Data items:
-- Opening Marker --












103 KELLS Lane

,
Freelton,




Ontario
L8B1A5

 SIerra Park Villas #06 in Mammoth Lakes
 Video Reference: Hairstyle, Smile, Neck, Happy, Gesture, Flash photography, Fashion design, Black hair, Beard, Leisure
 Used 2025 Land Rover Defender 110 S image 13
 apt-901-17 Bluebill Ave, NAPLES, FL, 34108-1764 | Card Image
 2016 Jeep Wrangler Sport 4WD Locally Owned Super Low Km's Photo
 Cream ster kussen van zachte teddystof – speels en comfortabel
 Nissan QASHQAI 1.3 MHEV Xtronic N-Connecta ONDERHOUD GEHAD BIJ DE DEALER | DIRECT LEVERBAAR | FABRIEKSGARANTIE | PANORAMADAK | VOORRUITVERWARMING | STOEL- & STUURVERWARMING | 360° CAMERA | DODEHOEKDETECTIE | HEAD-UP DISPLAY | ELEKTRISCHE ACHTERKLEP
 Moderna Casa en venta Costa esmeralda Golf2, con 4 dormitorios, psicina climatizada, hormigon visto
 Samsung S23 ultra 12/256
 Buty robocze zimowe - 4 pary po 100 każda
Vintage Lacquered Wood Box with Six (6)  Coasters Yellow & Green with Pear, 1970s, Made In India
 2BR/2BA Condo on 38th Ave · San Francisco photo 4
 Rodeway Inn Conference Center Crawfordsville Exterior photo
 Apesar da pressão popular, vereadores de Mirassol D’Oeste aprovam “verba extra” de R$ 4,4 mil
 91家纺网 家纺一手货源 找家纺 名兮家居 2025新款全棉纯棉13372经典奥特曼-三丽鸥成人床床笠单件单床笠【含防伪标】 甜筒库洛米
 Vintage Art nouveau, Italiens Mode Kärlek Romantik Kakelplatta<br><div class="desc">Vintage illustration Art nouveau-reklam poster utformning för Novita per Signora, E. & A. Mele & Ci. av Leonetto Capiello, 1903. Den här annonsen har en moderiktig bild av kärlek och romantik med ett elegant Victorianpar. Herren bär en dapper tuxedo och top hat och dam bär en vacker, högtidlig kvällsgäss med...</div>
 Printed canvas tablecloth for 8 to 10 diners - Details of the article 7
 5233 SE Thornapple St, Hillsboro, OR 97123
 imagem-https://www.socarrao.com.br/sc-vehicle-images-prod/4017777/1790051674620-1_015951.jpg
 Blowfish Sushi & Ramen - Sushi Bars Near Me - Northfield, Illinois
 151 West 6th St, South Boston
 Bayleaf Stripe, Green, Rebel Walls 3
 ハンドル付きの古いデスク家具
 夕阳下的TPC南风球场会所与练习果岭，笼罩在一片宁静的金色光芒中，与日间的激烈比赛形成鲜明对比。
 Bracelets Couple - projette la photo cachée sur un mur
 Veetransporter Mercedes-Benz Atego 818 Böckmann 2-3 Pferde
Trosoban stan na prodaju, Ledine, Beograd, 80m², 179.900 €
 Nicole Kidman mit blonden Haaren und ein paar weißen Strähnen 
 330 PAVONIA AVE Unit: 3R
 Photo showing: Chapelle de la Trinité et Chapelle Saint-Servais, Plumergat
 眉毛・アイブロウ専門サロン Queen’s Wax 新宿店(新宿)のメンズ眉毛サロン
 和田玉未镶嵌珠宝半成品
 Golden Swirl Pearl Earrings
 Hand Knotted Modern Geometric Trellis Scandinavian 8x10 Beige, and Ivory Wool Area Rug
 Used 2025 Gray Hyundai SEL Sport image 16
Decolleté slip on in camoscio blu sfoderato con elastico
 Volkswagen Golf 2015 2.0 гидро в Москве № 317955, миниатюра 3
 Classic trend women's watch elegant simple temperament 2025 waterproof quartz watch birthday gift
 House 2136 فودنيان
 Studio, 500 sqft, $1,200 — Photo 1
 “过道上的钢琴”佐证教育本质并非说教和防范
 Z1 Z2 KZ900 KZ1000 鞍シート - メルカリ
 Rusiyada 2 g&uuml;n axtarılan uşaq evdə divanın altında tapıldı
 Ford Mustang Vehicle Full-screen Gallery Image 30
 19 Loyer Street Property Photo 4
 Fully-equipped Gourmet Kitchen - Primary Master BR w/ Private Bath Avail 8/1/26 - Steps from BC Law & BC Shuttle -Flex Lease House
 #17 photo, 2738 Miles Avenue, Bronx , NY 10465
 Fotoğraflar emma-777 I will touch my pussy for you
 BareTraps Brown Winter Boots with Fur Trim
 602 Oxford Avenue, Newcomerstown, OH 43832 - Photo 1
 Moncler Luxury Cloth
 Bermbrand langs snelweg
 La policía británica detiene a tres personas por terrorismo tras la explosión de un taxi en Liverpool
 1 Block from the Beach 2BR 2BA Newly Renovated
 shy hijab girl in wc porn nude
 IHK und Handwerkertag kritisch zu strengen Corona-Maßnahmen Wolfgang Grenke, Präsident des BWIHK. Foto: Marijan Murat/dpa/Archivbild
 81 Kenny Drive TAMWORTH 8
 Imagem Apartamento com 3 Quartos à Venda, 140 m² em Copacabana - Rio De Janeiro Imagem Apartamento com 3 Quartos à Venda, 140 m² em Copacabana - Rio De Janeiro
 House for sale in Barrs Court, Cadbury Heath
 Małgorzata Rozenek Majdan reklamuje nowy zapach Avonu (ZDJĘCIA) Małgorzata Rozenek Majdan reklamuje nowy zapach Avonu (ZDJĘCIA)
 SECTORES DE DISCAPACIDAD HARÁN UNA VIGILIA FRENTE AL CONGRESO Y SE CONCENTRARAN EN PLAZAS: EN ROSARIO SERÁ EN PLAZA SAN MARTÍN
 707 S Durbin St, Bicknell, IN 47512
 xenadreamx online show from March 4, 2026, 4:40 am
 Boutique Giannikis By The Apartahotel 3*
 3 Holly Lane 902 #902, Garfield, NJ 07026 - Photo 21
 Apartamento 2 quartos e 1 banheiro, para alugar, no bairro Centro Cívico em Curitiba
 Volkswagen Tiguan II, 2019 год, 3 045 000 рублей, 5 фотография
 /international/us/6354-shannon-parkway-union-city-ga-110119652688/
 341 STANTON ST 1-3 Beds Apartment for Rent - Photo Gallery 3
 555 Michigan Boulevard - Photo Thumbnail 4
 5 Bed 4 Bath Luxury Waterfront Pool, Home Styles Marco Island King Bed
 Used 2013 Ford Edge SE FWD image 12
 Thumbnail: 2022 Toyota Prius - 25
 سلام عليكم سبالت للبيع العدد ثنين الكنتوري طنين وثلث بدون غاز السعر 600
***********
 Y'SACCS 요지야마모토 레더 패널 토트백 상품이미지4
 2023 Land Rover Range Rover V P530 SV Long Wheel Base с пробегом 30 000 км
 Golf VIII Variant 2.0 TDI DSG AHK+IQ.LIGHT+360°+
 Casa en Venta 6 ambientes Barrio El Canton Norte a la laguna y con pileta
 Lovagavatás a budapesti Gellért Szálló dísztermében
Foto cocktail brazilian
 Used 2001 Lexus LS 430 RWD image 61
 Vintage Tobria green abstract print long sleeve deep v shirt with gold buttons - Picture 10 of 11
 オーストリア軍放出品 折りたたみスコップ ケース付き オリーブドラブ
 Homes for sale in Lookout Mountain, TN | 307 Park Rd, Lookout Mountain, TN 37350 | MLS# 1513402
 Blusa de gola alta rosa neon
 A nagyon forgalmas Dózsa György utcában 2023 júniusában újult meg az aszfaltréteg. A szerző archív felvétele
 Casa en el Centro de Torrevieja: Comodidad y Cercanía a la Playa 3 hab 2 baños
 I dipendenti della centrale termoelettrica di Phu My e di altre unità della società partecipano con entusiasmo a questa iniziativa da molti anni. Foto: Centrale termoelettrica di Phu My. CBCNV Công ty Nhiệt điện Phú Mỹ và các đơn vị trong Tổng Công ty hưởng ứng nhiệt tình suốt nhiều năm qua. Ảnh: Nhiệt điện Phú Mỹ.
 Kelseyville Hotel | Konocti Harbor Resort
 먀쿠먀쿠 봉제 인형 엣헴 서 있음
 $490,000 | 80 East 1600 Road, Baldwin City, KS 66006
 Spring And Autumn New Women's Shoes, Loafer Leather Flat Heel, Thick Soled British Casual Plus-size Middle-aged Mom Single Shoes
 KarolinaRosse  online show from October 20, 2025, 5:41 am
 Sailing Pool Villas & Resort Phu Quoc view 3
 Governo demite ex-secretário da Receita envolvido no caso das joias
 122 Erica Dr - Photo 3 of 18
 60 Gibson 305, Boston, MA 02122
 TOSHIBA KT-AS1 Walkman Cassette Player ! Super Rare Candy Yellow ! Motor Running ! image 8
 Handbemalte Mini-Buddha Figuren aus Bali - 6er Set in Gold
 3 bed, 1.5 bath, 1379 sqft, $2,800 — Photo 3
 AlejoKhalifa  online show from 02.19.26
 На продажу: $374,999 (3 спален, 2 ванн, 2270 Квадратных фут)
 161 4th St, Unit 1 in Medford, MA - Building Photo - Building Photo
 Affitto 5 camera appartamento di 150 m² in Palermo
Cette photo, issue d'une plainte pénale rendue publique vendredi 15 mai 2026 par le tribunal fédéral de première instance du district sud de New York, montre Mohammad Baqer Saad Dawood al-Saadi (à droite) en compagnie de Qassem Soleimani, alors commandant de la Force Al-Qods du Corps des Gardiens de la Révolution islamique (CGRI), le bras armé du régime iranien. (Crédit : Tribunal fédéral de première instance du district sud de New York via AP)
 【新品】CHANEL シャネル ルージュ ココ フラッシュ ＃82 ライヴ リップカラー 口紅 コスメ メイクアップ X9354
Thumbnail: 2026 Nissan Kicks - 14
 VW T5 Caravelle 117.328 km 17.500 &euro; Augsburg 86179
-- Closing Marker --
- TASK STATEMENT
Copy the lines above exactly, from the very first through the one containing "apt-901-17 Bluebill Ave, NAPLES, FL, 34108-1764", and include no other line.

- EXERCISE OUTPUT
103 KELLS Lane

,
Freelton,




Ontario
L8B1A5

 SIerra Park Villas #06 in Mammoth Lakes
 Video Reference: Hairstyle, Smile, Neck, Happy, Gesture, Flash photography, Fashion design, Black hair, Beard, Leisure
 Used 2025 Land Rover Defender 110 S image 13
 apt-901-17 Bluebill Ave, NAPLES, FL, 34108-1764 | Card Image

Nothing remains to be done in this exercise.